私がリアルタイムで聴いていたユーミンのアルバムは「ダイアモンドダストが消えぬまに」あたりです。(ちなみにシングル「守ってあげたい」の頃は中学生でしたが、そんな私でも印象に残ってます)。
それ以前の作品は全て後追い。ただ大学生の頃、全作品を聴きこみましたね~。そんななかでも「流線形'80」、「SURF&SNOW」、そして本作はよく聴きました。

この時代のニューミュージックの最高峰の音、それが本作だと思ってます。ティン・パン・アレーから流れを汲む豪華なバック・ミュージシャンと松任谷正隆の時の音楽を掴むようなアレンジ。ユーミンの叙情的な詞と素晴らしいポップスメロディ・・・。
決して派手なアルバムではないのですが、音楽とは斯くあるべしといった至福の時間が流れます。

アルバム1曲目の①「ジャコビニ彗星の日」からシブいスタートです。
味わい深いバラードですが、これが1曲目ですかって感じの穏やかな選曲ですね。ジャコビニ彗星群って10月ごろに現れる流星のことらしいのですが、歌詞にも登場する1972年は、たくさん星が流れるということで大きなブームとなったのですが、結局予想が外れたとのことです。それをモチーフに歌詞を書いてしまうとは・・・。

ものすごくアーバンな②「影になって」はユーミンならではのサウンドですね。ユーミンの声には全くR&B色はありませんが、バックの演奏は結構ブラコンしてます。このギャップがいいんですよね。

私の大好きな影の名曲、③「緑の町に舞い降りて」は盛岡を歌った楽曲。スティールギターの音色が、遠い盛岡の街まで旅をする郷愁感をうまく表してますね。歌詞の世界を見事にメロディとアレンジで描ききった名曲だと思います。

世間一般的には④「DESTINY」のような楽曲を名曲と呼ぶのでしょう。
私としては、この曲を聴くと、片岡鶴太郎主演のTVドラマ「季節はずれの海岸物語」を思い出してしまいます。そしてついつい自殺された可愛かずみさんのことも・・・。
何れにしても歌詞・メロディともユーミン・ソングを代表する1曲であることは間違いありません。

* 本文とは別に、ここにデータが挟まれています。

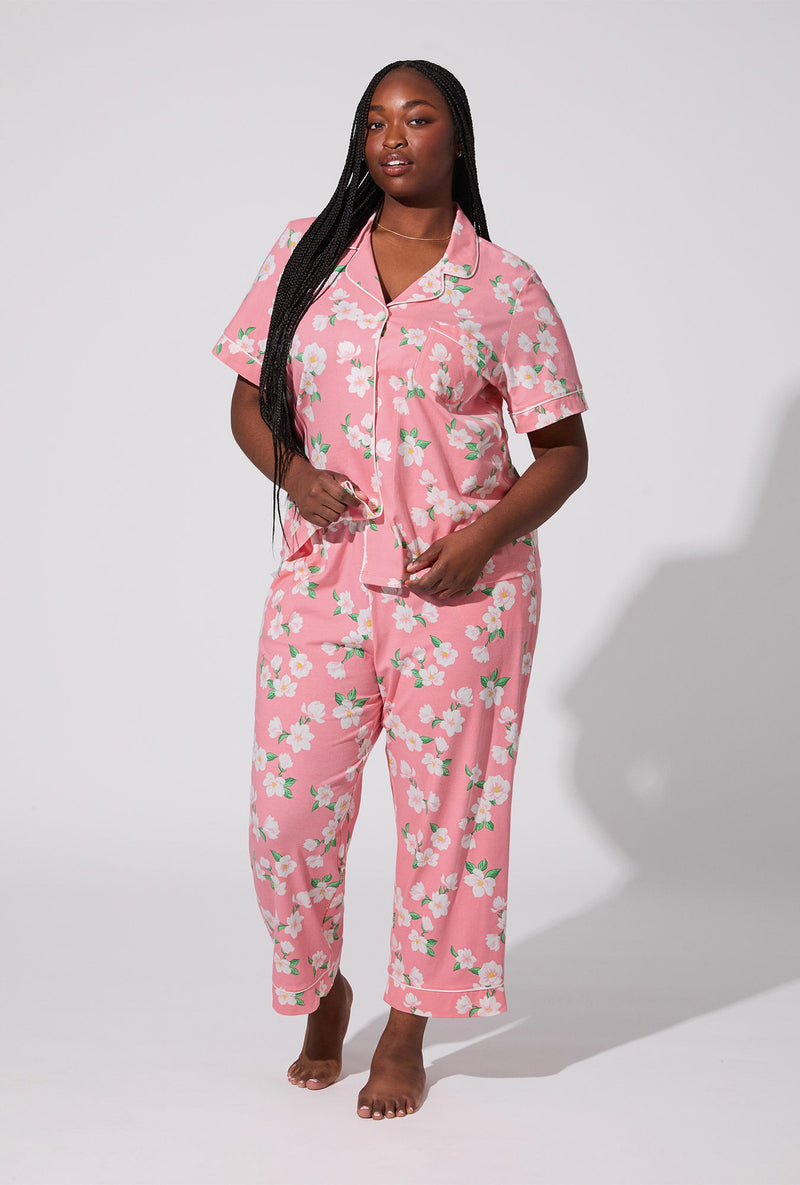 Pink Magnolias Short Sleeve Classic Stretch Jersey Cropped PJ Set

本作中、異色の作品が⑨「78」。まるでアース・ウィンド&ファイヤーです(笑)。本作が発表された1979年という時代を考えれば、こうした楽曲が収録されていることも納得です。タイトルは1978年のことかと思ったら、タロットカードの枚数とのこと。
スタジオ録音のエンディングでは野太い男のコーラスが入ります。これがかっこいいんですよね。クレジットを見たら、なんと上田正樹。ユーミンと上田正樹、全く対極に位置するような2人ですね(笑)。

ユーミン8枚目のアルバムはこのように素晴らしい内容となってますが、実はシングルカット曲は1曲もないんですよね。④「DESTINY」でさえ、シングルカットはされていないんですね。
個人的には初期荒井由実の作品と、この頃のユーミンサウンドが大好きです。